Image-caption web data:
------

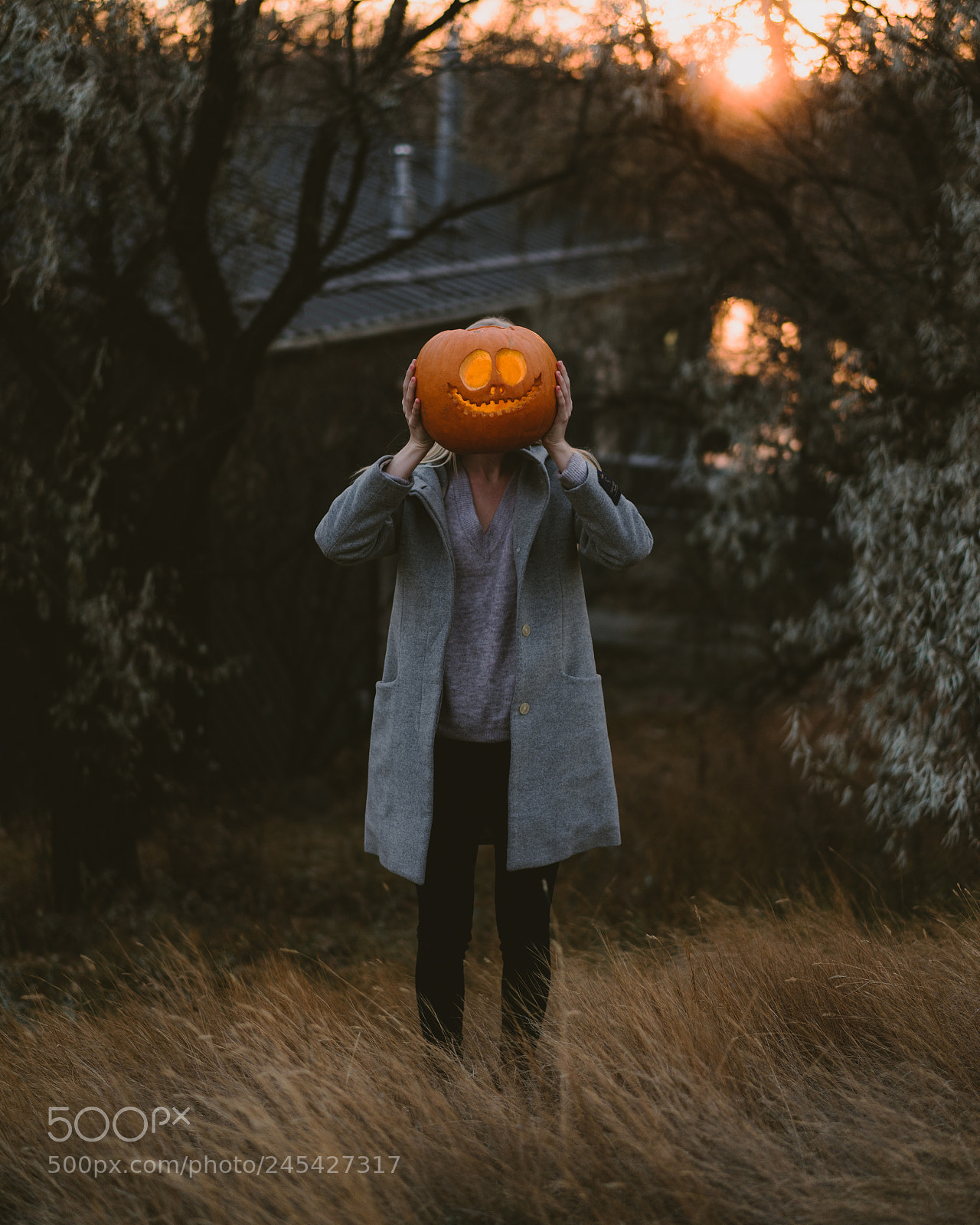 Sony a7 II sample photo. Spooky photography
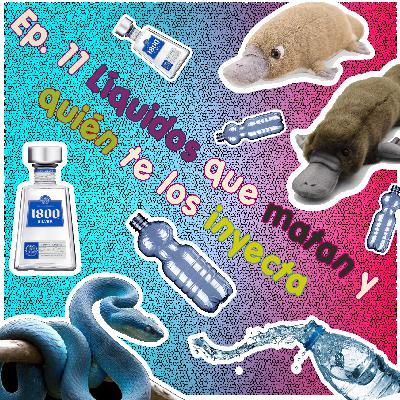 Líquidos que matan y quién te los inyecta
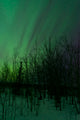 Aurora Borealis over Trees Wall Decal Design 6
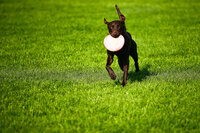 sacramento pet photographer, pet photographer sacramento, pet photos, pet photography, san francisco pet photos, pet photo sessions, pet photographer, pet photos sacramento, pet photos san francisco, family pet photos, family pet photo sessions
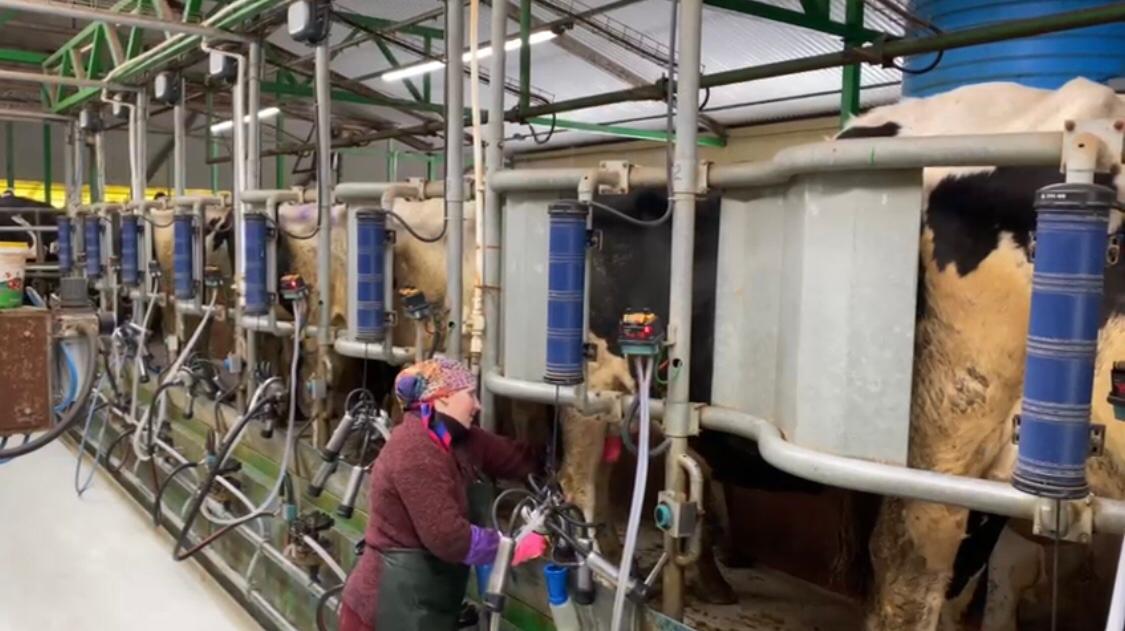 Сүбелі сүт өнімі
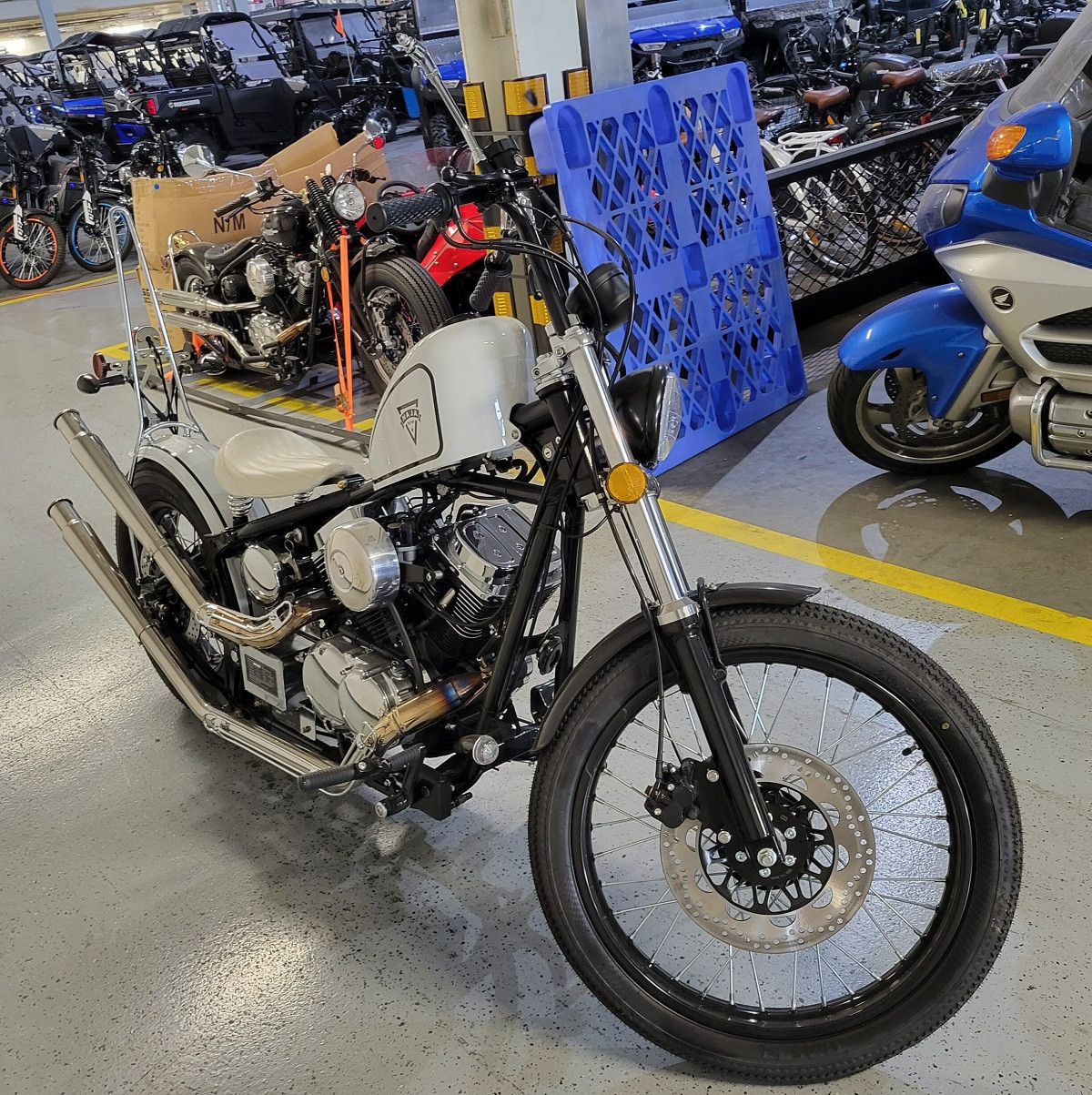 Display Model Massimo 32A00 Naja motorcycle | Tx powersports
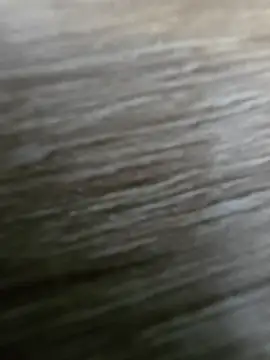 vivodan online show from 4, 4, 2026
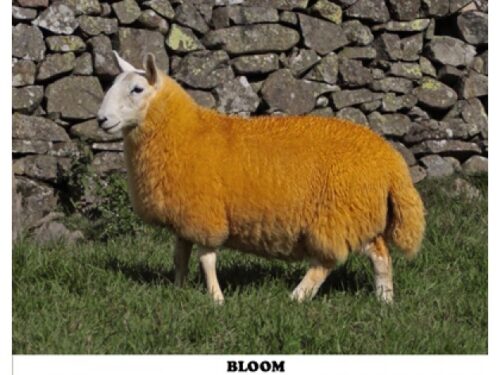 Cheviot Sheep Colouring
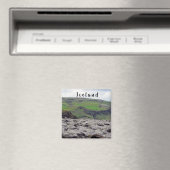 Eldhraun Lava Veld - Zuid-Ijsland Magneet (Insitu (Vaatwasser))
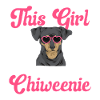 Chiweenie Dog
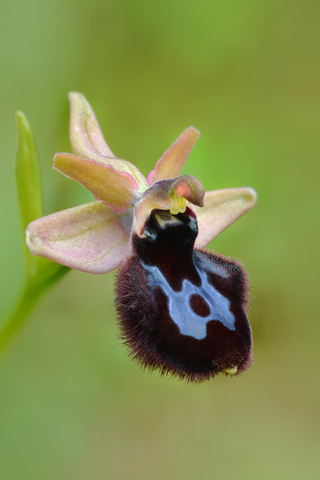 Ophrys bertolonii x incubacea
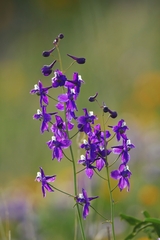 Delphinium patens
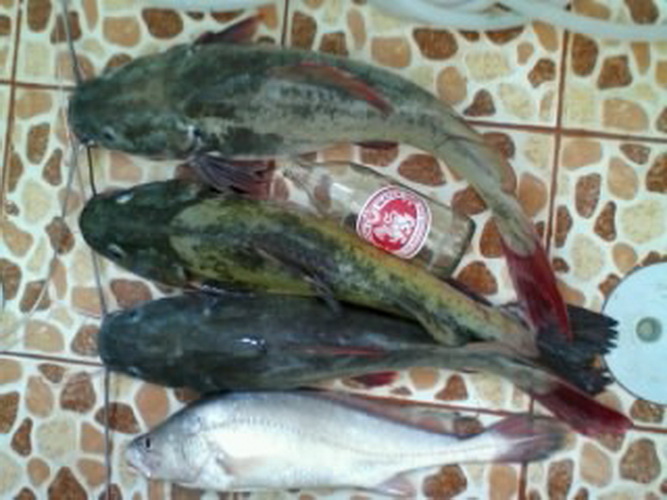 น้ำมาปลากินมด น้ำลดมดไม่ได้กินปลา คนเอาไปกินหมด 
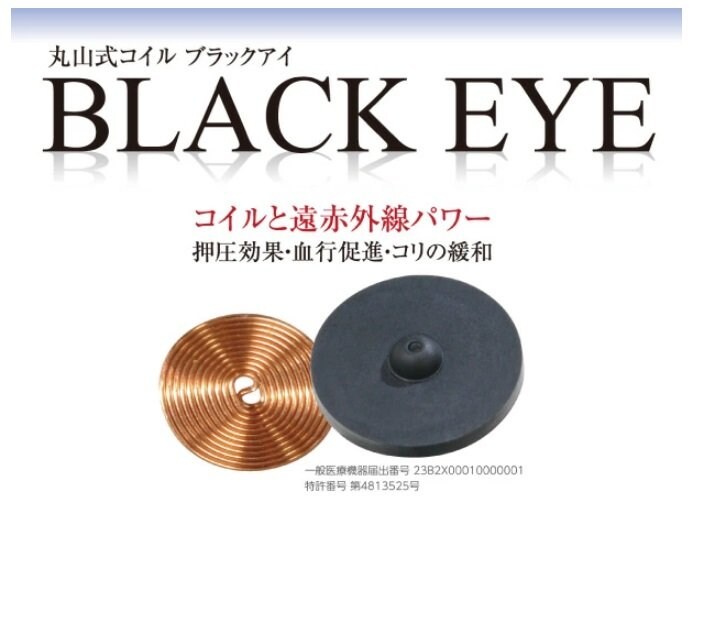 電磁波対策 ブラックアイ50個入り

------

The answer must be an exact copy of the lines from the one that holds "vivodan online show from 4, 4, 2026" through the end of the data, both included, with no pictures.

 vivodan online show from 4, 4, 2026
 Cheviot Sheep Colouring
 Eldhraun Lava Veld - Zuid-Ijsland Magneet (Insitu (Vaatwasser))
 Chiweenie Dog
 Ophrys bertolonii x incubacea
 Delphinium patens
 น้ำมาปลากินมด น้ำลดมดไม่ได้กินปลา คนเอาไปกินหมด 
 電磁波対策 ブラックアイ50個入り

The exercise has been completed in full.